The Atlantic notes that Rep. Anthony Weiner’s (D-NY) decision to resign yesterday over a sex scandal makes him the “fourth married, male lawmaker in 15 months to resign suddenly over sexual indiscretion,” even as the ethics committee never rendered a verdict on any of their actions.

“They were largely matters of personal, private failing, but when the scandals broke, the countdown clocks for resignation started ticking… Republicans believe Pelosi is reacting to a standard Boehner has set — that she can’t be outdone on ethics when she built her winning 2006 majority largely on an argument that the GOP was ethically bankrupt. Whether by force or by choice, Pelosi now appears to be of the same mindset as her Republican counterpart that when it comes to sex scandals and the rank-and-file, there is zero tolerance… That mindset, however, does not translate as easily to non-sexual ethical allegations.”

 

Romney Maintains Huge Lead in New Hampshire

A new Magellan Strategies survey in New Hampshire finds Mitt Romney leading all potential GOP primary challengers with 42%, followed by Rep. Ron Paul and Rep. Michelle Bachmann at 10%, Sarah Palin at 7%, Rudy Giuliani at 6% and Tim Pawlenty at 5%.

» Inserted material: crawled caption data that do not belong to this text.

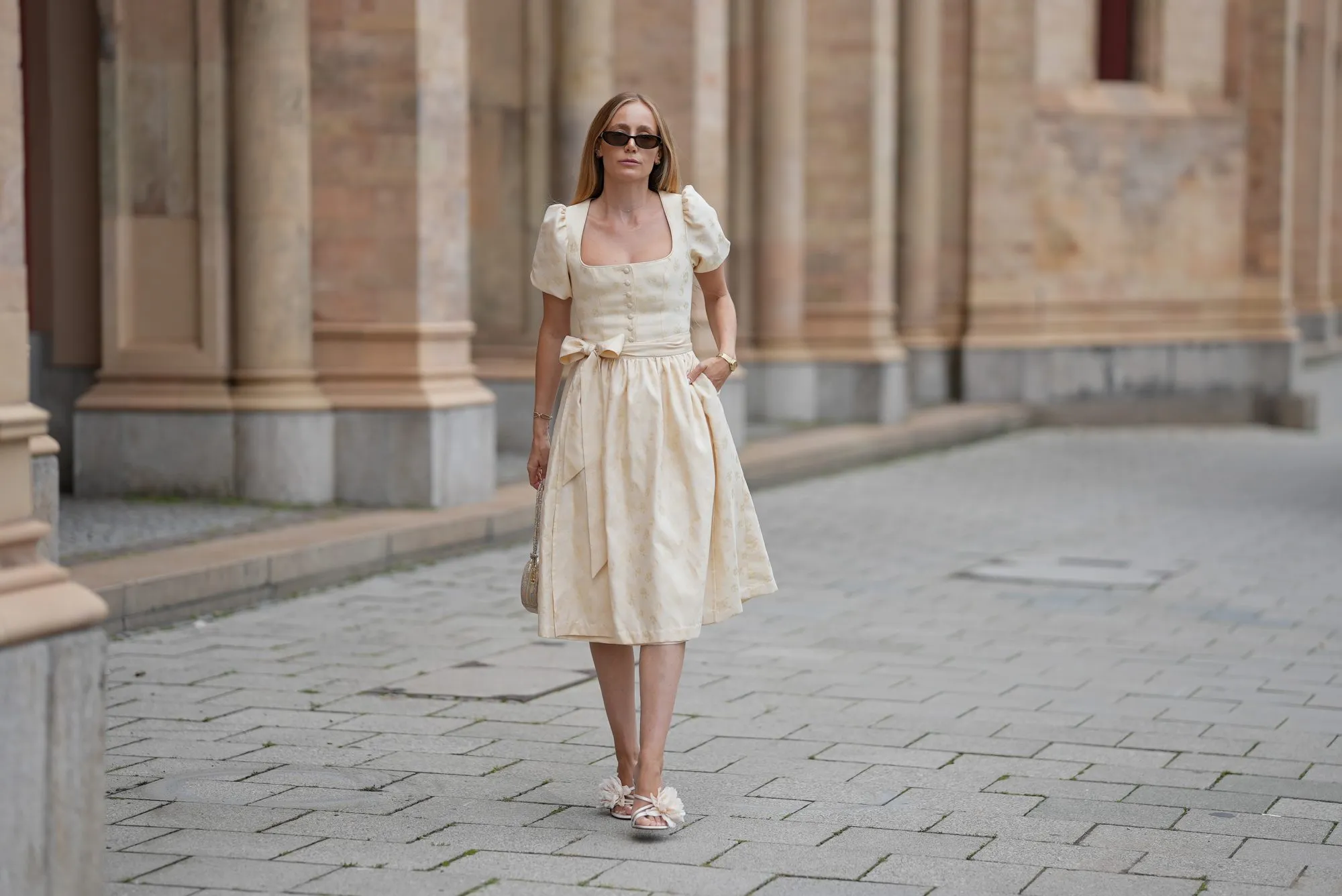 MUNICH, GERMANY - SEPTEMBER 12: Anouk Delphine is seen wearing a cream-colored midi dress with subtle floral jacquard, puff sleeves, a square neckleine and a waist bow from Limberry; open-toe heeled sandals in a soft ivory shade, detailed with oversized floral appliqués from Zara; a small structured handbag in the shape of a heart covered in shimmering metallic texture from Weat; a golden watch with a metallic wristband from Vintage Seiko; narrow dark sunglasses with brown tinted lenses from Gucci; her blonde hair is worn loose on September 12, 2025 in Munich, Germany. (Photo by Moritz Scholz/Getty Images)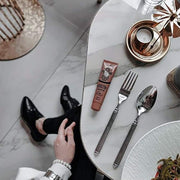 Dr PAWPAW Rich Mocha Balm tube on a marble table beside a mirror and cutlery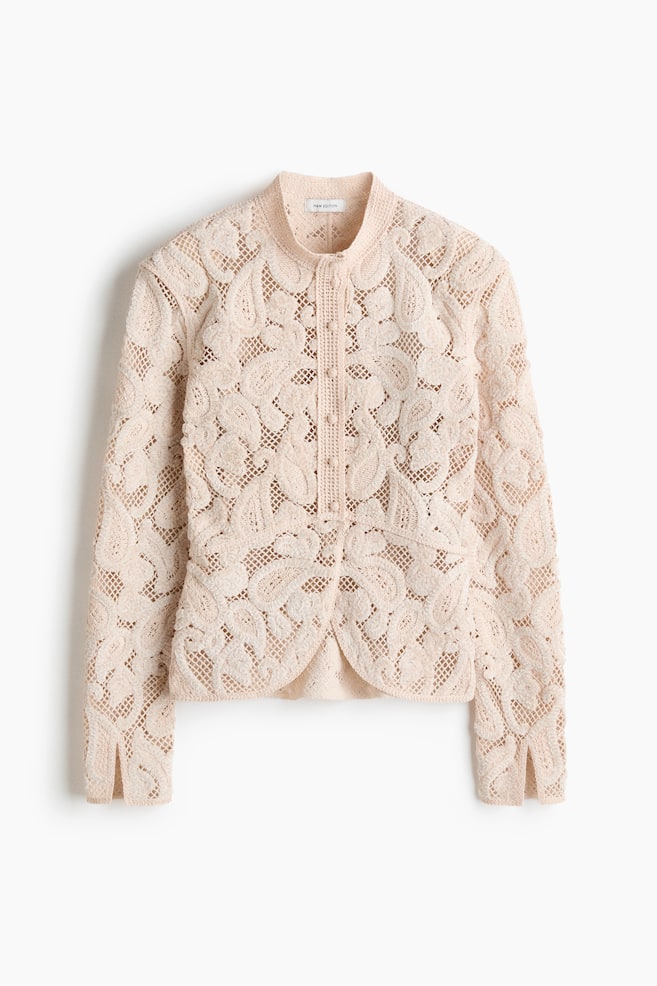 A light peach lace jacket is laid flat and facing forward, showcasing an intricate paisley-like openwork pattern throughout. It is crafted with a stand-up collar, a central button placket, and a curving bottom hem. - 1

Among respondents that watched last Monday night’s debate, 39% of voters think that Romney had the strongest performance, followed by 28% for Bachmann and 8% for Paul.

 

Big Difference in New Hampshire

Matt Bai: “It’s vital to remember that next year’s primaries will be the first since 1996 where Democrats haven’t had their own nomination fight going on. In other words, in the last two contested Republican primary seasons, independents in ‘open states’ like New Hampshire split their votes between Republicans and Democrats. But this year, all of them will be voting for a Republican… All of this suggests, I think, that a less doctrinaire candidate might have a real shot in New Hampshire, once the campaign really gets underway and voters get a chance to assess the field.”

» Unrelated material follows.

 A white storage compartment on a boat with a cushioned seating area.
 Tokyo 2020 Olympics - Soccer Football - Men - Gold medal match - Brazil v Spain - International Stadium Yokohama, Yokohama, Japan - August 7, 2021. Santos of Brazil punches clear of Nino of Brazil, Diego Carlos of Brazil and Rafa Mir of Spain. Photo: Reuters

Who this helps: Jon Huntsman, and possibly Rudy Giuliani if he runs.

 

The War Powers Act Debate

First Read: “There have been three big political stories this past week: 1) the developments in the GOP presidential race; 2) Weiner, which is finally over; and 3) the debate over the War Powers Act when it comes to the limited U.S. involvement in Libya. And as we’ve written before, this third story is more about the war between two branches of government (the executive vs. the legislative). Yet lost in the debate is this argument: The United States is a member of NATO, and this is a NATO-led operation. As such, the U.S. can’t simply pull out of NATO (we’re not Germany). Then again, is the White House on shaky legal ground when it comes to the War Powers Act? Consider this: It hasn’t asked the Justice Department’s Office of Legal Counsel to deliver an opinion on the matter since the operation has started and this debate heated up in Congress. Why? Perhaps the administration doesn’t want to know the answer?”

No Winner This Time

Joe Klein: “Some presidential campaigns — 1960, 1980, 1992, 2008 — are exhilarating, suffused with hope and excitement. This is not likely to be one of those. It is likely to be an election that no one wins but someone loses. It will be a reversal of politics past: a pragmatic Democrat will be facing a Republican with all sorts of big ideas, promising an unregulated, laissez-faire American paradise.”

 

GOP Presidential Campaign Enters Next Phase

David Challian and Terence Burlij: “Pawlenty’s effort to make the rhetorical correction demonstrates two key dynamics at play. First, the pre-season is over. The Pawlenty campaign felt that the debate criticism would continue to hang over them as they race against the June 30 fundraising clock and that the narrative must be changed. The candidate and his advisers realized that they were beyond the point of letting some bad press slide or just hang out there, unaddressed.”

“The second dynamic at play is the launch of full and direct engagement between the candidates. The debate last Monday night was largely an anti-Obama affair. Many subsequent debates will have that as a theme as well, but you can be certain that when a moderator attempts to get two candidates to engage directly, there will be less caution on the part of the candidates to do so.”